Secondly, as I've often told you Thiago, the native Windows filesystem
API is also byte based. struct UNICODE takes a *byte* length, not a
wchar_t length. I'll agree that the Win32 path translation layer
complicates that, but underneath it's all byte based, and I would like
to hope that whatever modern i/o proposal WG21 chooses will expose
reality on Windows.

To solve the OP's problem, why doesn't P1689 simply store BOTH the
UTF8-attempt and native filesystem encoding raw bytes edition of pathnames?

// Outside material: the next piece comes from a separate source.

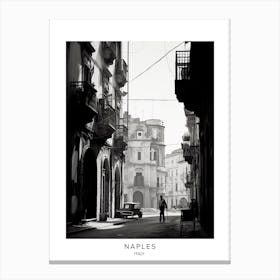Poster Of Naples, Italy, Black And White Analogue Photography 3 Canvas Print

The UTF8-attempt edition is where one takes the raw bytes in the native
filesystem encoding, and converts it to UTF-8. Note that even on POSIX,
filesystem paths are not necessarily in valid UTF-8, and ought to be
treated as raw bytes if you want to be able to reopen the original file
after encoding into JSON.

If the raw bytes edition of pathnames in the JSON file is present, it is
used first during lookup. If lookup with the raw byte edition fails, or
if it is not present in the JSON file, the UTF-8 edition is converted to
the native filesystem encoding, and that is used.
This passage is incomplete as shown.